There is a sense of pride and connection to my Japanese culture when I shop at K-Mart or Kioko. When I buy rice or soy sauce at Monoprix, I feel as though I am cheating or not being a “good Asian.” Many of these pressures are self-imposed. There is a sense my identity is at risk if I buy Asian food at Monoprix, then I am simply the white girl who likes Japanese food instead of a Japanese-American celebrating my culture’s cuisine.  

The Chopstick as a Japanese Cultural Symbol 

Chopsticks are widely used in Eastern Asia as both a utensil for eating and cooking. Mary Douglas discusses the coding of a meal and describes: “Meals properly require the use of at least one mouth-entering utensil per head.” However, her analysis does not interrogate the use of a proper utensil as she focuses more on the coding of the meal instead of the coding of the utensil. Using chopsticks is taught to many young Asian children as a necessary life skill. In my food journal, I used chopsticks many times, most notably when cooking and eating gyoza. Often, I will cook gyoza in the morning and bring it to school for lunch. I was met with difficulties one morning when I tried to lift the gyoza out of the pan with my chopsticks, but they were slippery after steaming them. I resorted to stabbing my gyoza because I was late for school. When I ate my lunch, I made sure to eat my gyoza properly, holding my chopsticks 2/3rds of the way up and eating them in multiple bites. I was careful not to stab them as chopsticks should never be used to stab food, only pick it up. 
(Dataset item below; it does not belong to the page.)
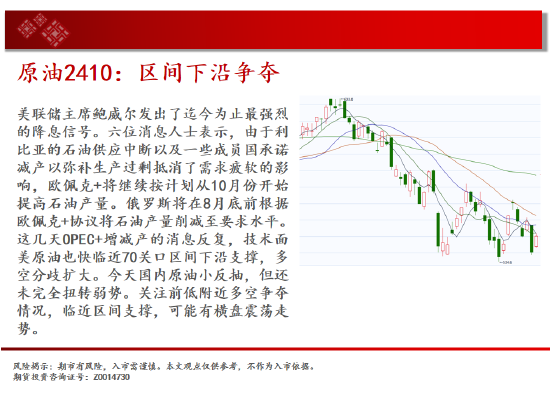 中天期貨:原油區(qū)間下沿爭(zhēng)奪 螺紋預(yù)期落空繼續(xù)回落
In her analysis of Japanese obento boxes, Anne Allison discusses the use of chopsticks. She explains that “children were ordered to bring their obento with chopsticks,” as forks and spoons were seen to be too easy to use. The “usage [of chopsticks] marks not only greater effort in skills on the part of the children but their enculturation into being Japanese.” The proper use of chopsticks reveals an introduction to Japanese culture. Although I did not grow up with obento boxes, I did grow up with the pressure to use chopsticks when eating Japanese food. If I did not use chopsticks, I was portrayed as lazy and unwilling, especially at my Japanese aunt’s house or at a Japanese restaurant where using a fork was seen as a cop-out. Thus, when eating gyoza on the eight floor of my school’s building, I felt the pressure to properly represent my culture in fear of being seen as an imposter who did not respect cultural symbols. The use of chopsticks symbolizes the adoption of Japanese culture and improper use reflects poorly on the individual who is seen as not skillful enough and not Japanese enough. 

Food’s cultural takeaways

The creation of identity is a complex and nuanced process. Belonging to multiple cultural groups can increase the tension within an individual to prove they belong to these groups. By eating culturally significant food, using proper utensils, and shopping at culturally significant places, one can strengthen their connection to that part of their identity. Future continuations of these concepts include the questions of What defines identity?, How does this change across cultures and individuals?, and How does an intersection of different cultures influence one’s identity? These questions may remain unanswered, or at best, partially answered. Each individual has their own construction of their identity, making a fractal of stories, experiences, and definitions. So, what does identity mean to you?